Os aparelhos descritos por este homem têm uma potência elevada, mas podem ser comprados por qualquer pessoa, o que torna a identificação de infratores mais difícil. “O problema está na comercialização destes aparelhos a utilizadores menos conhecedores das regras de segurança e do regulamento em vigor. Se a venda fosse restrita a modelos com as zonas interditas a voo devidamente bloqueadas, era mais fácil [controlar este tipo de situações]. Continuava a ser permitida a venda ao público em geral, mas apenas de modelos devidamente programados para bloquear as zonas de voo interditas”, defende.
Quem anda a assustar os pilotos?
Miguel Silveira está convencido de que a comunidade de apreciadores de drones deveria unir-se e revelar a identidade de quem anda a assustar os pilotos que se dirigem para os aeroportos portugueses. “É dito, não consigo confirmar se é verdade ou não, que se sabe perfeitamente quem é a pessoa que anda a fazer brincadeiras junto à Ponte 25 de Abril. Se assim for, a comunidade tem obrigação de dizer quem é – mesmo para distinguir a maioria das pessoas que compõem a comunidade dos drones, que são pessoas fantásticas e responsáveis. Se a própria comunidade dos drones não tomar medidas, não responsabilizar os brincalhões e os patetas que andam a fazer estas coisas, não me admiraria que em Portugal tivéssemos de seguir o mesmo caminho que o Canadá”, onde está a ser criado um regulamento que proíbe praticamente o uso de drones em cidades como Toronto, esclarece o presidente da APPLA.
No entanto, o i falou com várias pessoas ligadas à comunidade dos drones e nenhuma soube dizer quem era a pessoa que estava a operar o aparelho que acompanhou o avião da TAP. Apesar de tudo, não seria difícil identificar o indivíduo: Daniel Martins, um dos membros do grupo DJI Portugal, publicou recentemente uma fotografia de um aparelho a sobrevoar uma zona muito próxima do aeroporto de Lisboa, junto à Ponte Vasco da Gama.
“São utilizados canais abertos que qualquer dispositivo com 5.8 GHz de frequência consegue captar. Estava a ligar o meu drone e a fazer uma busca no monitor para sintonizar com o meu aparelho e nessa busca encontrei esse voo ilegal. Decidi acompanhá-lo com uma testemunha para validar que era uma asa fixa. Estava a mais de 250 metros de altura junto a um aeroporto”, revelou ao i. Ao acompanhar o voo, Daniel conseguiu perceber de onde descolou o aparelho e onde aterrou.

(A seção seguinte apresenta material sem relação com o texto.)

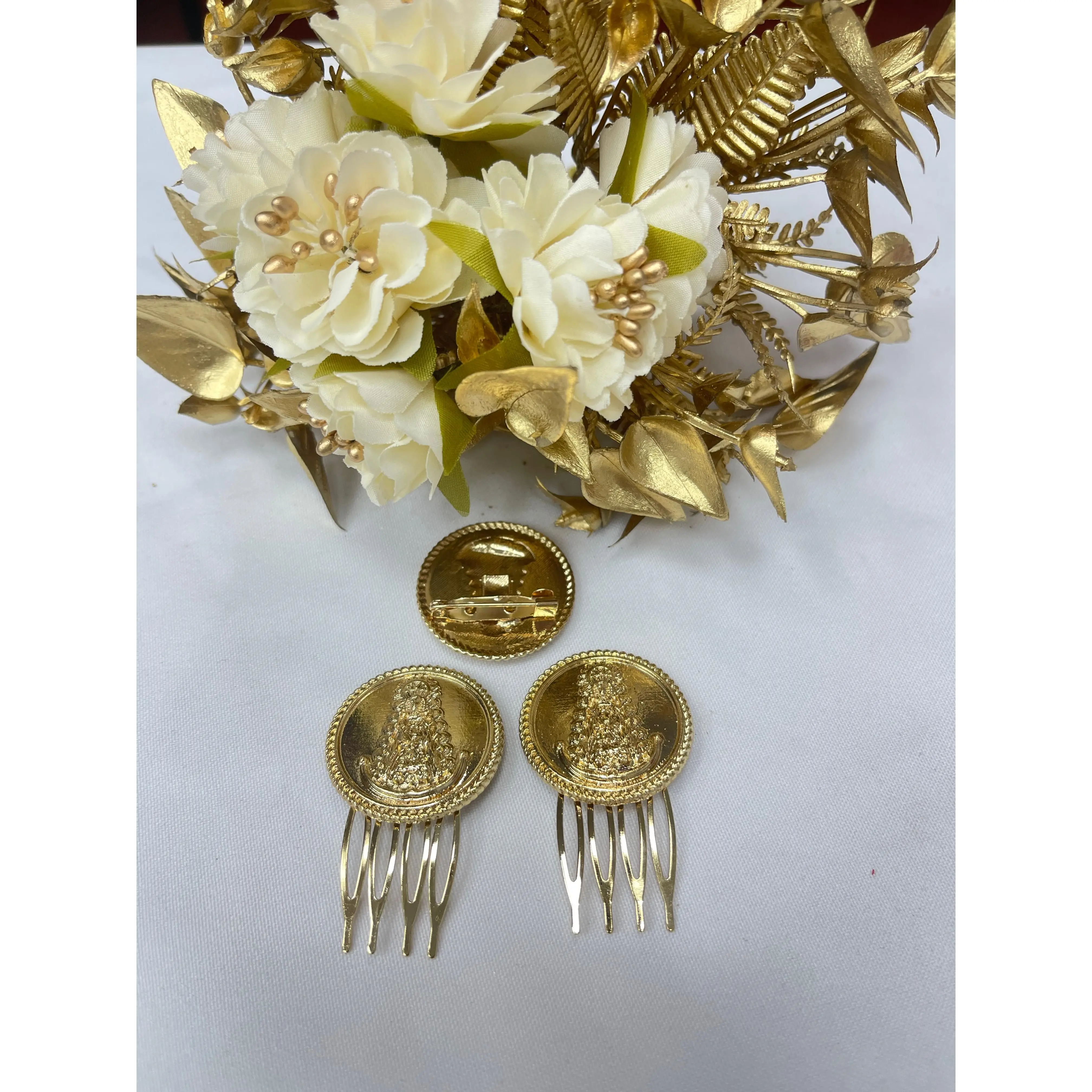 Set Peinetas  y broche Flamencas Doradas con forma de moneda – Complemento para Moño Flamenco Feria y Eventos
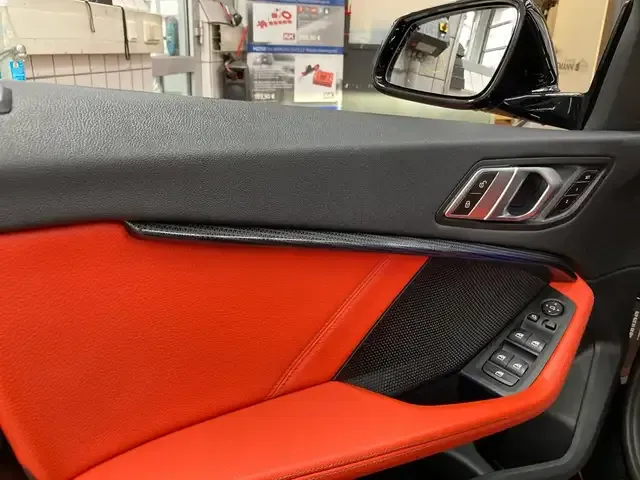 BMW 128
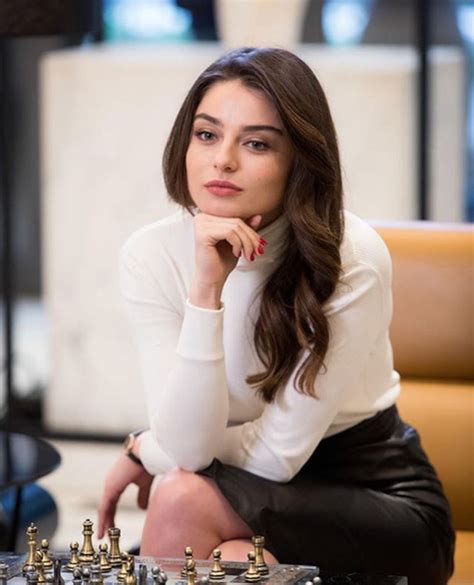 Ayça ayşin turan, oyunculuğa 2007 yılında affedilmeyen dizisiyle başladı. Ayça Ayşin Turan Hakkında Bilinmeyenler!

Se tivesse meios para isso, conseguiria detetar quem era a pessoa que estava a comandar o dispositivo: “[Era possível identificar a pessoa] indo ter com ela na hora a que tudo estava a acontecer, pois [graças às informações captadas] sabia-se o local do piloto”, explicou.
O i pediu esclarecimentos à ANAC e à PSP sobre o número de incidentes detetados com drones e a possível identificação de indivíduos relacionados com estes acontecimentos mas, até ao fecho desta edição, não obteve resposta. O presidente da ANAC, Luís Ribeiro, será ouvido hoje na comissão parlamentar de Economia, Inovação e Obras Públicas, onde falará sobre as condições de segurança do espaço aéreo e a interferência dos drones nas mesmas.